VEINTE
—¿Y cómo son esos ángeles vuestros? —le preguntó Dusan con la cara oculta bajo una impasible máscara dorada—. Según los relatores, los ángeles oscuros son unos gigantes fieros y belicosos. Montan las estrellas a horcajadas y descargan destrucción. ¿Han venido a aniquilarnos? ¿Debemos temerles?
—No tenéis nada que temer —respondió Rhianna Sorel, maldiciendo a los relatores calibanitas para sus adentros por sus exageraciones. Estuvo a punto de fruncir el ceño, pero se recordó a sí misma que Dusan sí veía su rostro aunque ella no pudiese ver el suyo—. Sí, la Legión de los Ángeles Oscuros lucha contra los enemigos del Emperador, pero eso no incluye a los habitantes de Sarosh. Vosotros formáis parte del Imperio. Sois nuestros hermanos.
—Es un alivio oír eso —dijo Dusan, volviéndose para señalar la ciudad con un ademán de su brazo—. Nos hemos tomado muchas molestias para preparar su recibimiento, para darles la bienvenida. Sería toda una tragedia que hubiesen venido para destruirlo todo. Esta ciudad es preciosa, ¿verdad? ¿Es digna de vuestro creador de imágenes?
—Es más que digna —respondió ella, sujetando el grabador que le colgaba de una correa cruzada sobre el hombro—. Con vuestro permiso, me gustaría tomar unas fotografías antes de que cambie la luz. Me servirán de referencia cuando esté componiendo.
—Como deseéis.
Se encontraban en un balcón observando la ciudad de Shaloul, la capital planetaria de Sarosh. Hacía casi doce meses que Rhianna había llegado al planeta, pero durante todo aquel tiempo apenas le habían permitido desplazarse por su superficie. A pesar de la actitud amistosa de los habitantes y de la aparente benevolencia de su cultura, oficialmente este mundo aún no se había sometido. Estaba claro que los comandantes imperiales se resistían a dejar a los civiles en el planeta más de lo necesario, aunque Rhianna sospechaba que los líderes de los astartes tenían parte de culpa en el bloqueo de acceso de las peticiones de los civiles. No sabía si la situación era la misma en todas las flotas de la cruzada, pero los astartes de la 4.ª Flota parecían querer impedir cualquier intento de registrar a las sociedades nativas en su estado preimperial.

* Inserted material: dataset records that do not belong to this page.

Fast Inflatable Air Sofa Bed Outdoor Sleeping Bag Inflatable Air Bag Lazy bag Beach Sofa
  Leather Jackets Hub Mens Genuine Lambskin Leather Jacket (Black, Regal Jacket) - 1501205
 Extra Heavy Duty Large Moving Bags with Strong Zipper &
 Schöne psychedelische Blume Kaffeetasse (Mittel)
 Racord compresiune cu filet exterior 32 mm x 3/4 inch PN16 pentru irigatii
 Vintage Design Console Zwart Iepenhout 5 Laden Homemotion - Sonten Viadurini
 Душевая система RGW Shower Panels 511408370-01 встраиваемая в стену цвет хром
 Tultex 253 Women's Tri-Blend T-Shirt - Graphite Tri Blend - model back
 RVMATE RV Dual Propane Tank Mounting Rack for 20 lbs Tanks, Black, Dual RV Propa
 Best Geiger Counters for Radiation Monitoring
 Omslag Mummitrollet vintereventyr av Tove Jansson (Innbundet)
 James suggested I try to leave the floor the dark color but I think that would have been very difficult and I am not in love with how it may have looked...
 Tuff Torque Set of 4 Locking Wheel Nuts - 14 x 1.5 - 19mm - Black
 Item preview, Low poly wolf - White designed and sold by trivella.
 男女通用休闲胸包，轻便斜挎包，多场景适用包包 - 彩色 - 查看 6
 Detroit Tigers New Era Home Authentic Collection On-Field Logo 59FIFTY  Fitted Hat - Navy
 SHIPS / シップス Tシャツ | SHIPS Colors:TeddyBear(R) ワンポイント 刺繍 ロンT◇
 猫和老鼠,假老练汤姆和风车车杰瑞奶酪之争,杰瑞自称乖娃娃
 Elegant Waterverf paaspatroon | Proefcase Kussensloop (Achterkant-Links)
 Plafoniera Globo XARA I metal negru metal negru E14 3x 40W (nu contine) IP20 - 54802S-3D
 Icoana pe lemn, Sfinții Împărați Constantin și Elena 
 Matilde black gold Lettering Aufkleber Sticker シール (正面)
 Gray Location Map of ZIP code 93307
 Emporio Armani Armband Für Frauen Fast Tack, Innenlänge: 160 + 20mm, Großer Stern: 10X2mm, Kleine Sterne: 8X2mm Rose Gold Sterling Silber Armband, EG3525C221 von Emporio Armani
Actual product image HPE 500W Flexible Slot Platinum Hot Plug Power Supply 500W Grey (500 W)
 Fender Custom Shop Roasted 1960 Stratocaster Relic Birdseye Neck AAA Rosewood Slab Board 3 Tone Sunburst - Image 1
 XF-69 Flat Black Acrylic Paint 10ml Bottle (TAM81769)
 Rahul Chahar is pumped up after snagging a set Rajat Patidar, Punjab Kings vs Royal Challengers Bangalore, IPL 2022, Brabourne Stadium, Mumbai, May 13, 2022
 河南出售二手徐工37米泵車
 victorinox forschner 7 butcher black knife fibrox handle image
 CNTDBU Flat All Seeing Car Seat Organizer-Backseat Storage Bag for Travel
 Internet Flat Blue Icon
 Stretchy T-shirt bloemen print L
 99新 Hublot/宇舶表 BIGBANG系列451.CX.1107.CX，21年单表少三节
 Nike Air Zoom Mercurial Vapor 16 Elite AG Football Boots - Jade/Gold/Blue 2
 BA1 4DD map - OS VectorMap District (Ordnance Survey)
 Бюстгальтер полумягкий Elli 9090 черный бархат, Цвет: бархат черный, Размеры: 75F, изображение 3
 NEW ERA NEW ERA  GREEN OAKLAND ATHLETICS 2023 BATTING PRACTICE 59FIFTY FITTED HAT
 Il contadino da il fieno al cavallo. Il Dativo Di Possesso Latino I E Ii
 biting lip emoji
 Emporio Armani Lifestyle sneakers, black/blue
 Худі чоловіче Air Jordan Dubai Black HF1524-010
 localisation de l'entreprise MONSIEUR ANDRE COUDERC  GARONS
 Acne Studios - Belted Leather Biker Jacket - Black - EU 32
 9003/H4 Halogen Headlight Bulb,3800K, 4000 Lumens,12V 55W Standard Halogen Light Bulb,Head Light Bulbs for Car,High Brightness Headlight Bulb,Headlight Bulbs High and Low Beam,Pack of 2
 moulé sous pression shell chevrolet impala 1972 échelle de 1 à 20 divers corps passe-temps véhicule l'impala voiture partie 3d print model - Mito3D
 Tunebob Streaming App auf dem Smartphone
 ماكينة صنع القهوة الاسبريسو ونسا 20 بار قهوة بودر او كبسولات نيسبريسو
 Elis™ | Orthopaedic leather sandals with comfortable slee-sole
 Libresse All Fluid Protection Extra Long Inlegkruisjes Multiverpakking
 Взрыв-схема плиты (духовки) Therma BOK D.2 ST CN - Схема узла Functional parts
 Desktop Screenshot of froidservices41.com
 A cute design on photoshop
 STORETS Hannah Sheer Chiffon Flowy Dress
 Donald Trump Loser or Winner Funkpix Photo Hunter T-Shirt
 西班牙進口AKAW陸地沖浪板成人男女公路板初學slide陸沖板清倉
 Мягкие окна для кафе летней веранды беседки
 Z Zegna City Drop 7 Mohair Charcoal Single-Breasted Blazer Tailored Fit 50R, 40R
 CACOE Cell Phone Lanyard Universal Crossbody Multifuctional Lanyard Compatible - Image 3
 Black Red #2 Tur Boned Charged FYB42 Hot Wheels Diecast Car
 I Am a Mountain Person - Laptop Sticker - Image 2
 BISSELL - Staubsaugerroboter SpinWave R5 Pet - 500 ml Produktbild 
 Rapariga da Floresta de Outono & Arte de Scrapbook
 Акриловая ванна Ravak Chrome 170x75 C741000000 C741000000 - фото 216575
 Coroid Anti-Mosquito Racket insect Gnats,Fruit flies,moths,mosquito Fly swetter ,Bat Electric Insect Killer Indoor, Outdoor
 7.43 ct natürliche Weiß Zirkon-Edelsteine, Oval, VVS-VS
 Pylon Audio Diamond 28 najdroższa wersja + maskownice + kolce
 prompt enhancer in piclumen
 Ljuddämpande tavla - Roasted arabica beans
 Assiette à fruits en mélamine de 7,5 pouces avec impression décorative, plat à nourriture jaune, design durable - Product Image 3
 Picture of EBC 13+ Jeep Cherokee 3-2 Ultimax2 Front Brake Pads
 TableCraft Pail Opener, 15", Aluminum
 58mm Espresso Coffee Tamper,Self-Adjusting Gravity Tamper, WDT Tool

Rhianna era compositora. Tenía entendido que las canciones populares de Sarosh se caracterizaban por hechizantes melodías que incorporaban los sonidos de varios tipos de instrumentos musicales tradicionales que sólo existían en ese mundo, pero eso era lo que había averiguado al hablar con los soldados del Ejército Imperial, que habían visitado el planeta con más regularidad que ella.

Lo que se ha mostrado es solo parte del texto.